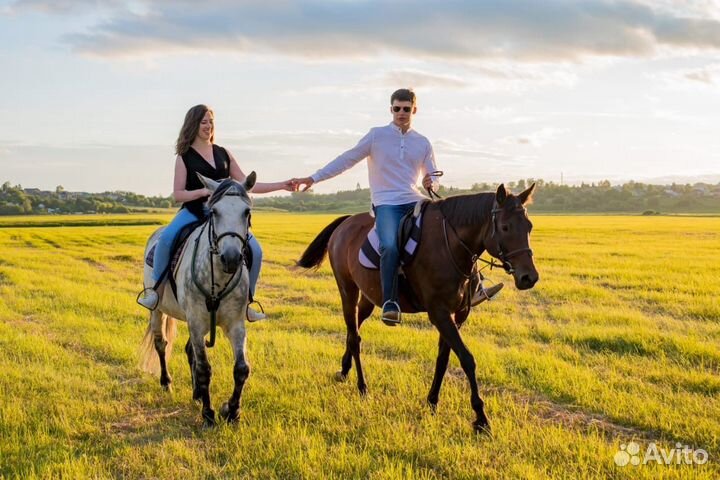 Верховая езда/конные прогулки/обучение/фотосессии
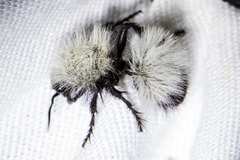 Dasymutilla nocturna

==

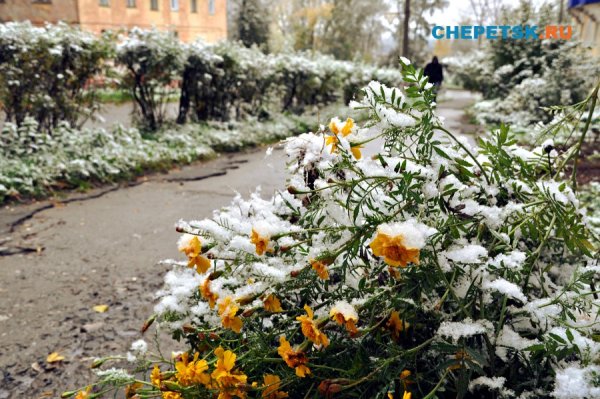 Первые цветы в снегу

→ Description of the task: Once the line with "Верховая езда/конные прогулки/обучение/фотосессии" is found above, transcribe each line from it through the line with "Dasymutilla nocturna", exactly, and omit the pictures.

→ Finished task:
 Верховая езда/конные прогулки/обучение/фотосессии
 Dasymutilla nocturna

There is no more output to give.